Die kurze Antwort: Es kommt darauf an, wie alt der Fleck ist und auf welchem Stoff er sitzt. Aber es gibt eine Handvoll Tricks, die in den meisten Fällen funktionieren – und ein paar, die man besser sein lässt.
Frischer Fleck: Zuerst nichts falsch machen
Der häufigste Fehler passiert in den ersten Sekunden. Der Reflex, den Fleck wegzureiben, macht ihn in der Regel größer und treibt den Farbstoff tiefer in die Faser. Besser: das Kleidungsstück sofort unter kaltes Wasser halten und dabei von der Rückseite des Stoffs spülen. So wird der Schmutz nach außen gedrückt, nicht weiter hinein.
Danach tupfen, nicht reiben – mit einem sauberen Tuch oder Küchenpapier.
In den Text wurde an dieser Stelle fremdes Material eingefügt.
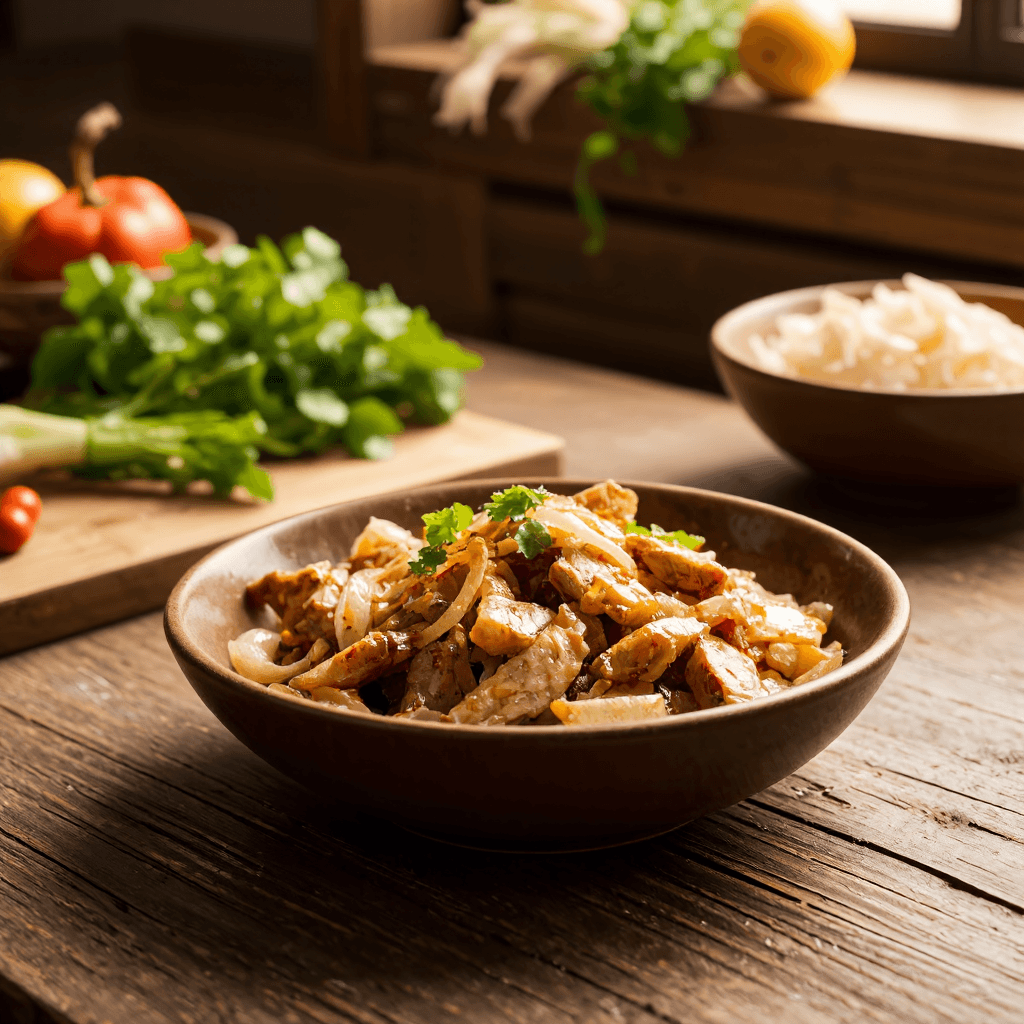 product photography of a plate of stir-fried meat and vegetables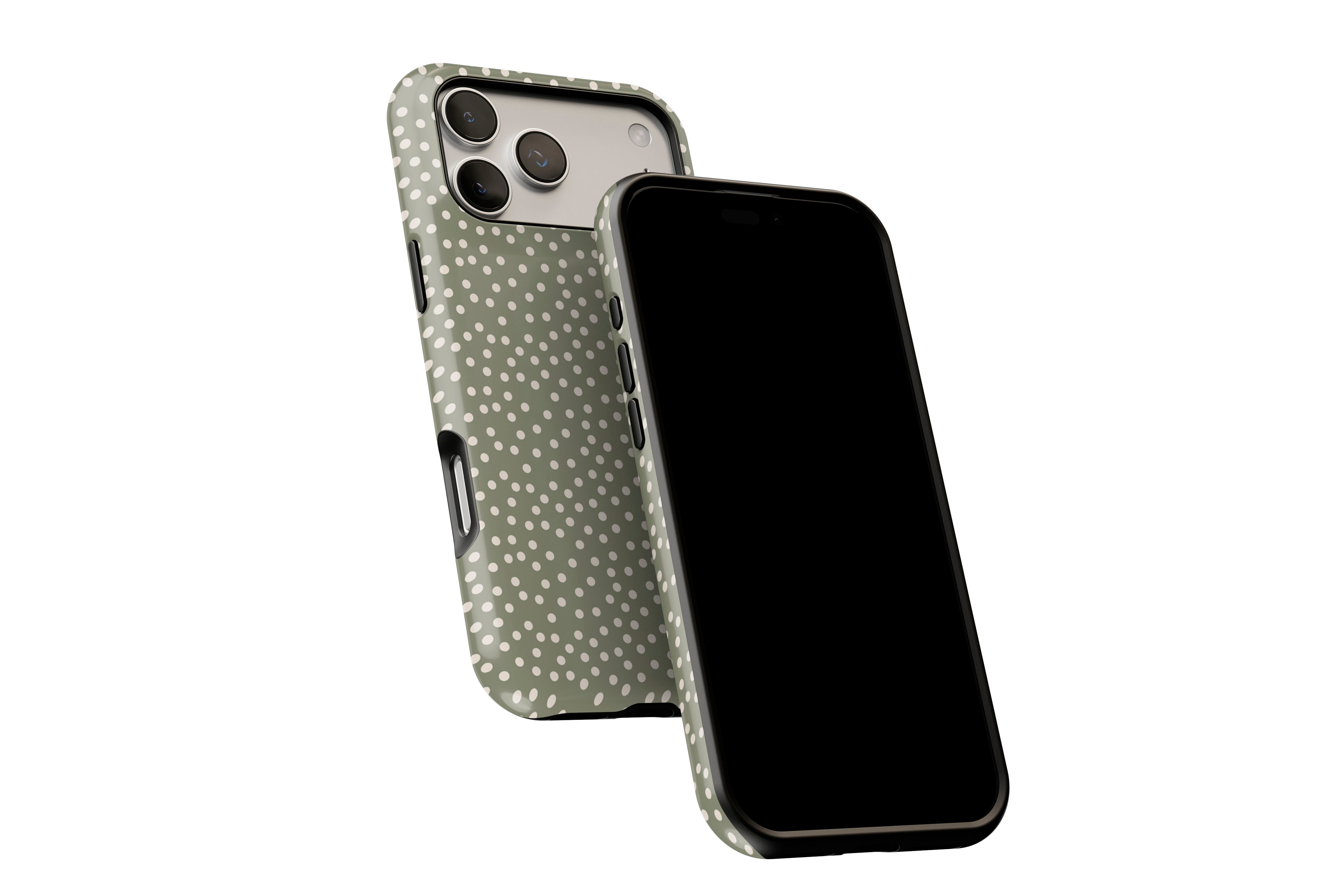 Side view of Green Dots phone case showing button cut-outs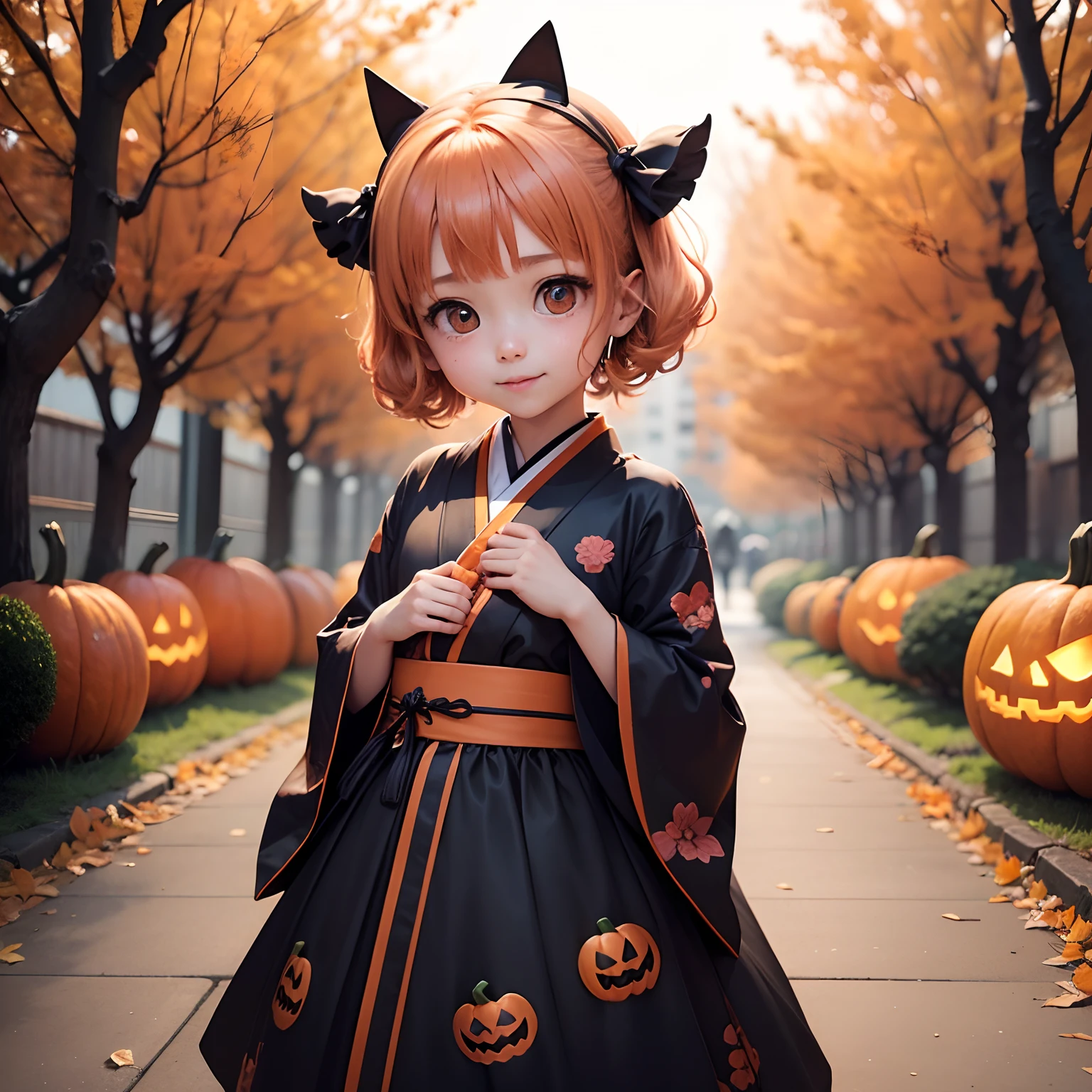masterpiece、top-quality、ultra-detailliert、(Chibi Chara's Daughter:1.3)、(カボチャのブローチ🎃をモチーフにした暗い着物:1.3),(カボチャのブローチをモチーフ🎃にした日本の髪飾り:1.2)、カボチャモチーフ🎃のハンドバッグ、Standing、A smile、Autumn Japan Garden、Halloween version、Chibi Chara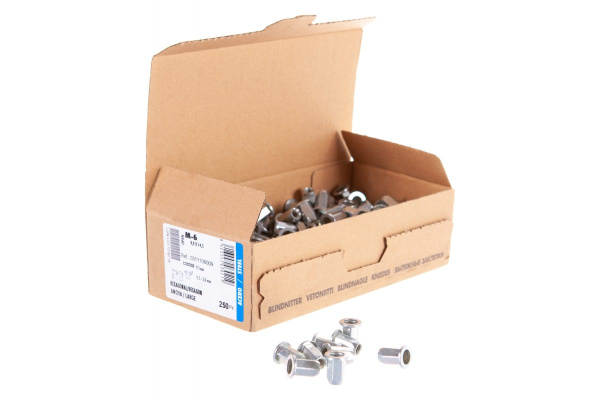 Заклепка с внутренней резьбой Bralo 6-гранная М6 СТ-ЦБ 250 шт 0311106009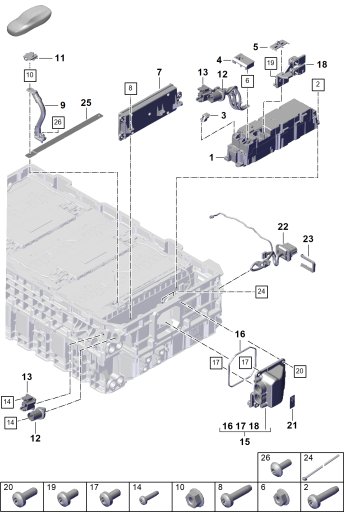 251-120 - Batterie hybride
pieces detail
Partie superieure
------------------------------
* ATTENTION! Les nos. de piece
* non specifies ne sont pas
* pieces rech. compte tenu de
* l'importance reparationVoir
* du manuel de reparation!
Voir information technique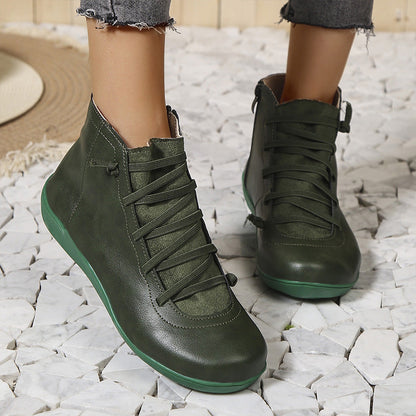 Léonie Bottines À Lacets Élastiques Et Zip Semelle Souple Femme
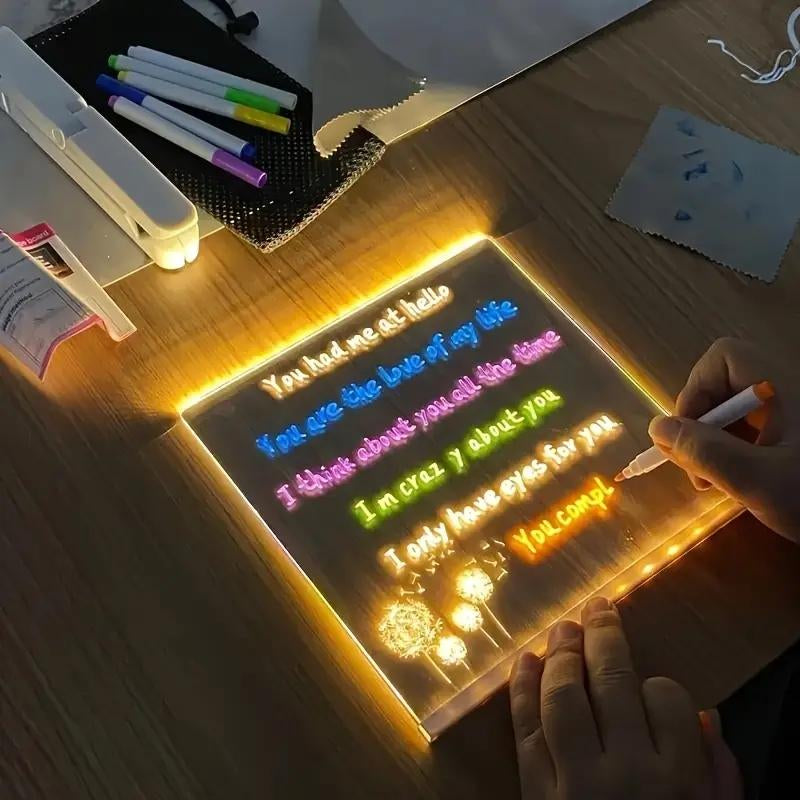 Tablero de Luz LED de Acrílico, Iluminado con LED, Tableta Ultra Delgada para Dibujar y Escribir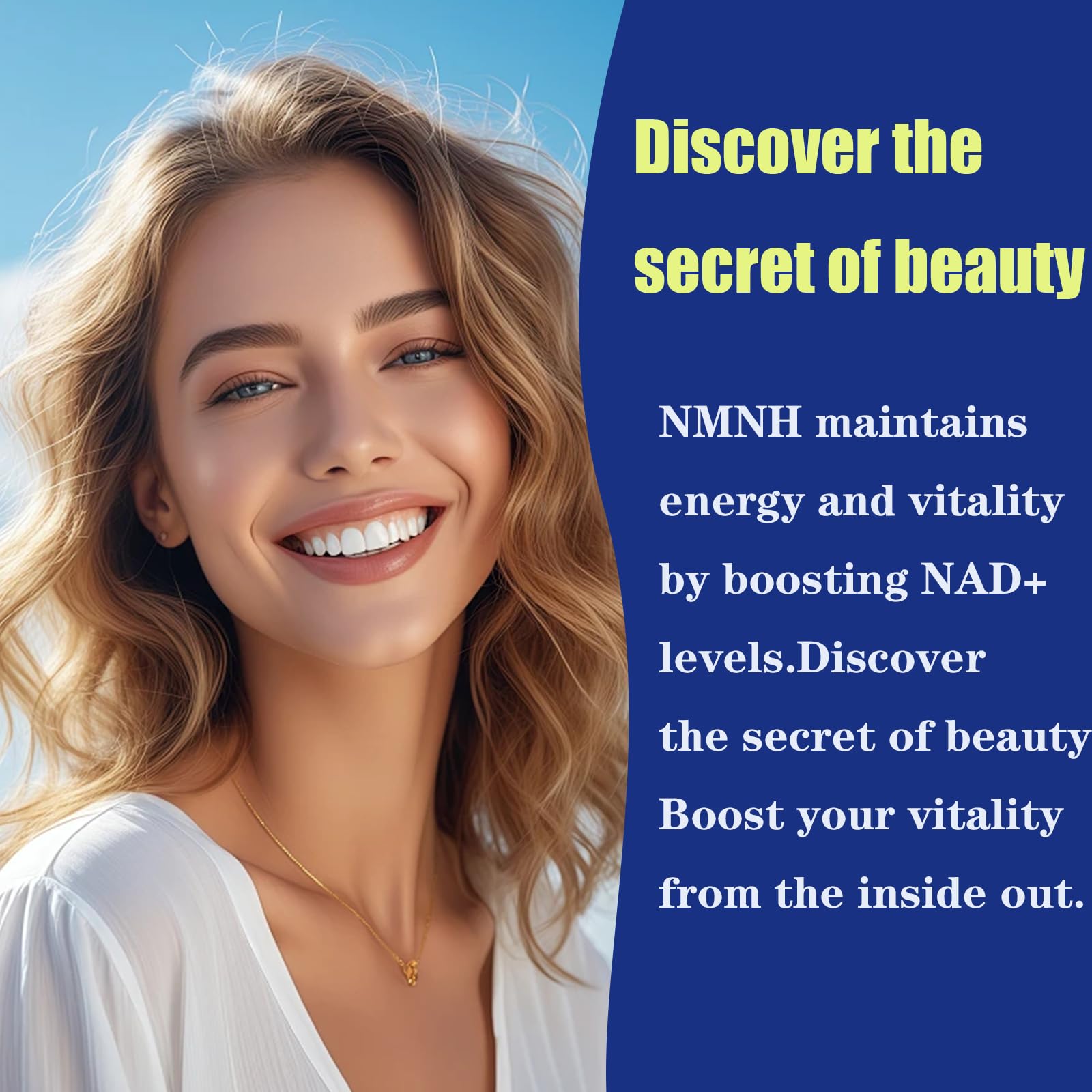 Concept image illustrating NAD+ energy support with NMNH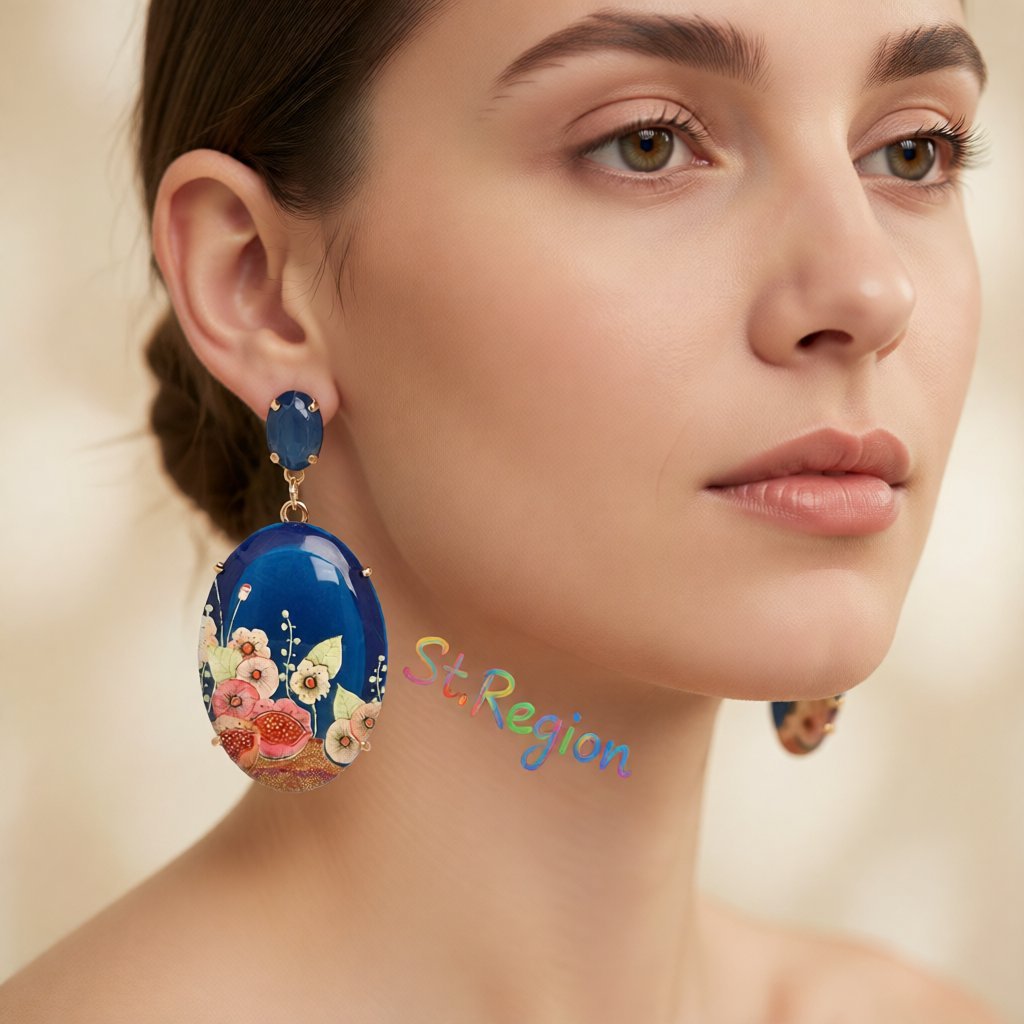 Blue Crystal and Resin 18K Gold-Plated Floral Oval Drop Earrings, gold drop earrings for women, styled look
Trick 1: Salz auf den frischen Fleck
Wer gerade unterwegs ist oder kein Wasser zur Hand hat: einfach Salz auf den noch feuchten Fleck geben. Das Salz zieht Feuchtigkeit und einen Teil des Farbstoffs aus dem Stoff. Es ist kein Wundermittel, aber es verhindert, dass der Fleck tiefer einzieht – als Sofortmaßnahme funktioniert es überraschend gut.
Trick 2: Gallseife einwirken lassen
Zu Hause angekommen ist Gallseife der verlässlichste Helfer bei Kirschflecken auf Kleidung. Den Fleck anfeuchten, Gallseife einmassieren, 10 bis 20 Minuten einwirken lassen, dann mit lauwarmem Wasser ausspülen und normal waschen. Bei 30 oder 40 Grad – nicht heißer.
Trick 3: Mineralwasser statt Leitungswasser
Mineralwasser hat durch die Kohlensäure eine leicht lösende Wirkung auf frische Flecken. Es ist kein Gamechanger, aber wer gerade nur das zur Verfügung hat, macht damit mehr richtig als mit heißem Leitungswasser.
Trick 4: Zitronensaft bei weißen Stoffen
Bei weißer Kleidung kann Zitronensaft helfen – er wirkt leicht bleichend und kann rötliche Verfärbungen aufhellen. Den Saft auf den Fleck geben, kurz einwirken lassen und an der frischen Luft oder in der Sonne trocknen. Danach normal waschen. Wichtig: auf farbiger Kleidung lieber nicht anwenden, da Zitronensaft auch die Eigenfarbe des Stoffs angreifen kann.
Was bei eingetrockneten Flecken wirklich hilft
Eingezogene Kirschflecken brauchen einen anderen Ansatz. Zuerst aufweichen: den Fleck mit kaltem Wasser einweichen, 20 bis 30 Minuten ziehen lassen. Dann Gallseife oder einen Fleckenentferner auftragen und die Einwirkzeit großzügig bemessen.
Bei sehr hartnäckigen alten Flecken hilft manchmal auch eine Paste aus Natron und etwas Wasser – auftragen, trocknen lassen, abbürsten, dann waschen. Funktioniert nicht immer, aber es ist einen Versuch wert bevor man zu chemischen Mitteln greift.
Was man definitiv lassen sollte
Heißes Wasser ist bei Kirschflecken kontraproduktiv – es fixiert den Farbstoff. Das gilt auch für den Trockner: niemals ein Kleidungsstück trocknen, bei dem der Fleck noch nicht vollständig entfernt ist. Die Wärme macht die Verfärbung dauerhaft.
Außerdem: agressives Schrubben löst den Fleck nicht schneller, sondern beschädigt die Faser und vergrößert die betroffene Stelle.
Fazit
Die besten Tricks gegen Kirschflecken sind keine Geheimnisse – aber sie müssen in der richtigen Reihenfolge angewendet werden. Schnell reagieren, kalt spülen, tupfen, Gallseife einwirken lassen, kühl waschen. Wer das beherzigt, hat bei frischen Flecken auf den meisten Stoffen sehr gute Chancen. Bei älteren Flecken braucht es etwas mehr Geduld – aber auch die sind selten hoffnungslos.